Section 1 ā Operational/OLTP Databases
Databases are used in everyday applications such as webshops, CRM systems, and financial systems. These are our Line Of Business (LOB) applications. In this section, we will learn how to choose between a SQL database and a Cosmos DB database. We will also learn how to design a database for optimal performance and scalability.
This section comprises the following chapters:
- Chapter 1, Introduction to Databases
- Chapter 2, Entity Analysis
- Chapter 3, Normalizing Data
- Chapter 4, Provisioning and Implementing an Azure SQL DB
- Chapter 5, Designing a NoSQL Database
- Chapter 6, Provisioning and Implementing an Azure Cosmos DB Database
Chapter 1: Introduction to Databases
Data has become increasingly important over the last few years. Almost all applications use data, whether the application is a Customer Relationship Management (CRM) system at work or a social media app on your phone. All that data is stored in databases. Since the 1980s, almost all those databases have been relational databases. Nowadays, with the advent of big data, there are different ways to store and process huge amounts of data. Some of them can be classified as so-called NoSQL databases. NoSQL stands for "not only" SQL. This means that we are seeing other types of databases emerge and being used alongside relational databases. NoSQL databases are important in the area of big data. The "SQL" in NoSQL stands for Structured Query Language. This is the programming language of relational databases and has become the "equivalent" of relational databases.
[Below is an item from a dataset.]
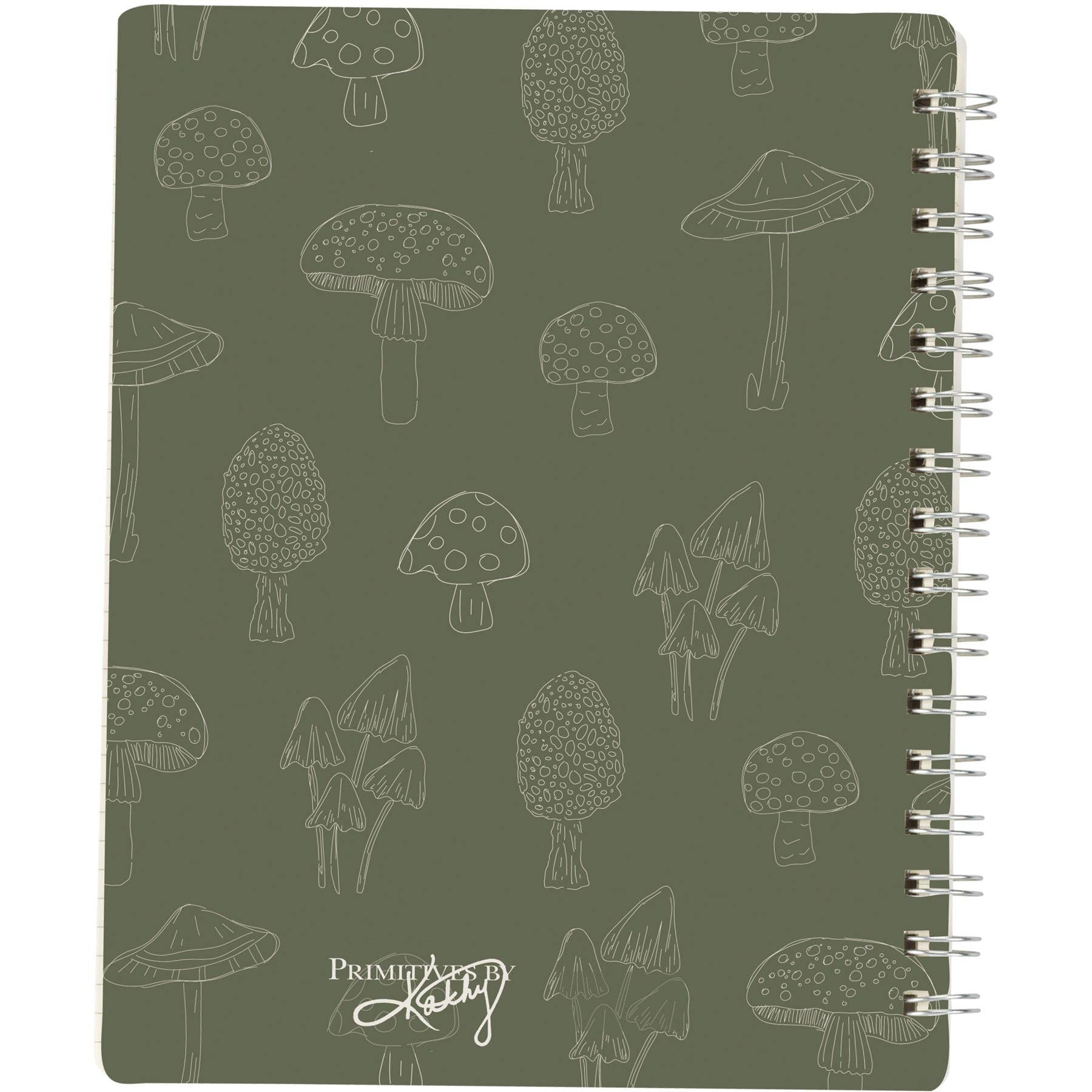 Mushrooms Spiral Notebook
In this chapter, you will learn the basics of databases. A lot of the theory discussed in this chapter stems from relational databases, although the majority is applicable to other database systems as well.
We will discuss the following topics in this chapter:
- Overview of relational databases
- Introduction to Structured Query Language
- Impact of intended usage patterns on database design
- Understanding relational theory
- Keys
- Types of workload
Overview of relational databases
Databases hadn't yet been invented when we first started programming computer applications. All data had to be stored in files. Oftentimes, those files were simple comma-separated value files (CSV files). An example of a CSV file can be seen in the following screenshot:
Figure 1.1 ā Person.csv
As you can see, it is just some data without anything else.
Files
Using files to store data for use in applications entailed a number of issues. After trying file formats other than CSV files, developers started using databases instead of plain files. Plain files or flat files are files with just data stored in them. Figure 1.1 is an example of a flat file. Let's look into the issues that using flat files posed.
From the header of the screenshot in Figure 1.1, it is clear that the file is called Person.csv. We may infer that the data in the files represents persons. However, it is not clear whether those people are patients, customers, employees, or even someone completely different. Furthermore, you cannot ascertain that extra information from the file or its content.
Drawbacks
The use of these types of flat files to store data comes with three drawbacks:
- You cannot infer from the file itself what the data is about.
- It is not flexible from a programming perspective and is bad for performance when working with the data.
- It is (almost) impossible for multiple persons to work with flat files simultaneously.
We will now examine each of these drawbacks in turn.
Drawback 1 ā You cannot infer from the file itself what the data is about
It is clear from looking at the screenshot that each line has two commas, meaning that there are three columns per row. The second column very likely holds a first name. This is a reasonable assumption based on our knowledge of names, although you may require a knowledge of Dutch names to make this assumption. The third column is more difficult to guess. It could be the year of birth of the person in question, but it could also be a postal code or perhaps a monthly salary.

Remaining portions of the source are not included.